→ Aim of the exercise
This task calls for the lines below starting at the one containing "18 Pouces 1" and ending at the one containing "Adorable baby panda", repeated exactly with both ends kept and pictures left out.

→ Exercise data
============
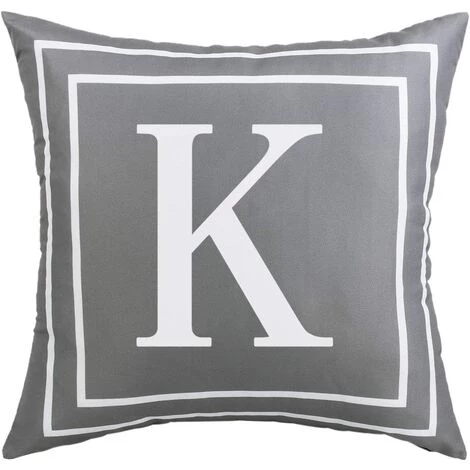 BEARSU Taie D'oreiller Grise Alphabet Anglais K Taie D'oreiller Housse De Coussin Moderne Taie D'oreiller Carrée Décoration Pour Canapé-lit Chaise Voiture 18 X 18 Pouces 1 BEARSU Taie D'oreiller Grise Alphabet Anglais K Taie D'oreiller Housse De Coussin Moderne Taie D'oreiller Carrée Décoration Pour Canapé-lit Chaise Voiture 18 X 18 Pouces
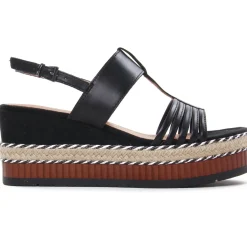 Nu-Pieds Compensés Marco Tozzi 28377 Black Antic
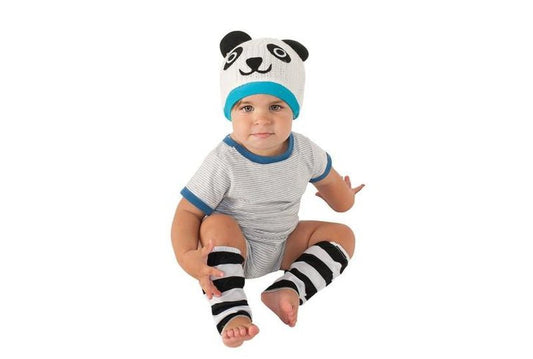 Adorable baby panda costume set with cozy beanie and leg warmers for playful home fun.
============
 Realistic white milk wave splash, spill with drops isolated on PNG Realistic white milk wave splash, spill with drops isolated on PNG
============
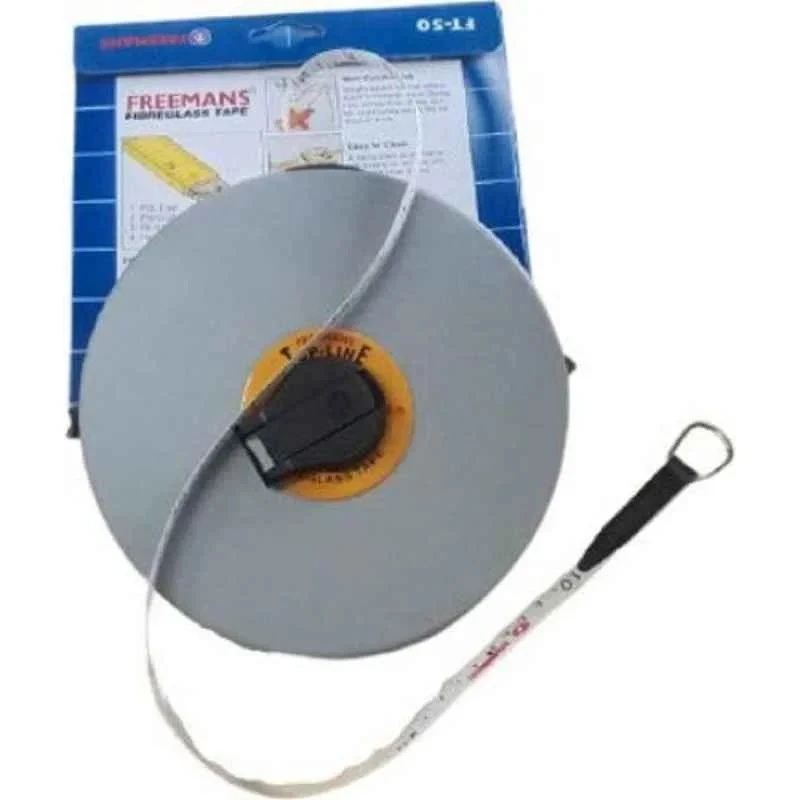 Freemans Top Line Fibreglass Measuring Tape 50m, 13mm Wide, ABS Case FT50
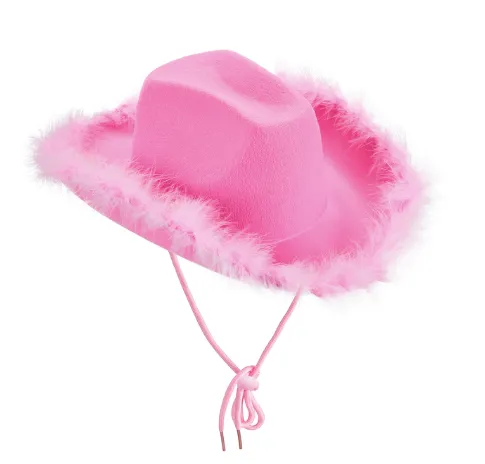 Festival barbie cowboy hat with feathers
============
→ Expected answer
 BEARSU Taie D'oreiller Grise Alphabet Anglais K Taie D'oreiller Housse De Coussin Moderne Taie D'oreiller Carrée Décoration Pour Canapé-lit Chaise Voiture 18 X 18 Pouces 1 BEARSU Taie D'oreiller Grise Alphabet Anglais K Taie D'oreiller Housse De Coussin Moderne Taie D'oreiller Carrée Décoration Pour Canapé-lit Chaise Voiture 18 X 18 Pouces
 Nu-Pieds Compensés Marco Tozzi 28377 Black Antic
 Adorable baby panda costume set with cozy beanie and leg warmers for playful home fun.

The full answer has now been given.